In considering the application for a stay Horner J set out in some detail the background and competing arguments before turning to the legal principles. In considering the legal principles he considered the ‘overriding objective’, Article 6 of the European Convention on Human Rights and the European and domestic case law on delay and disclosure. He further took into account that these were civil proceedings where applications had been or would be made for closed material procedures pursuant to section 6 of the Justice and Security Act 2013.
He noted the proposals in the recent government Command Paper ‘Addressing the Legacy of Northern Ireland’s Past’ but perhaps unsurprisingly stated it would be wrong to take into account potential legislation not as yet drafted.
In reaching his conclusion he accepted that there was no ‘detriment free route open to the court’  and importantly set out that a ‘do nothing approach’ was not consistent with the ‘overriding objective’ .

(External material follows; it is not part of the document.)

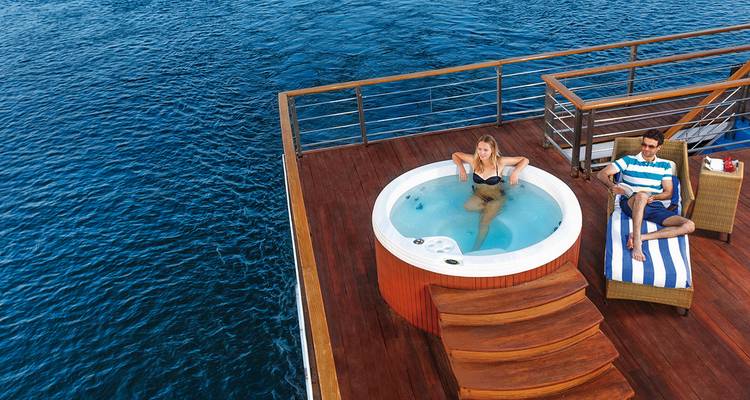 Menschen, die einen Whirlpool auf dem Deck eines Kreuzfahrtschiffs genießen.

Having taken all matters into account the application for a stay was rejected on the basis of the prejudice it would cause to the civil proceedings but only because the prejudice to the criminal investigations could be limited through the use of the closed material procedure and withing that ring-fencing of what material should be disclosed.
The judgment does not allow for the civil proceedings to continue unfettered but does allow progress to be made in those proceedings whilst the criminal investigations continue. At the end of the judgment  Horner J set out general directions as to how the proceedings should proceed.
Martin Goudie QC is one of the Special Advocates appointed in the civil proceedings.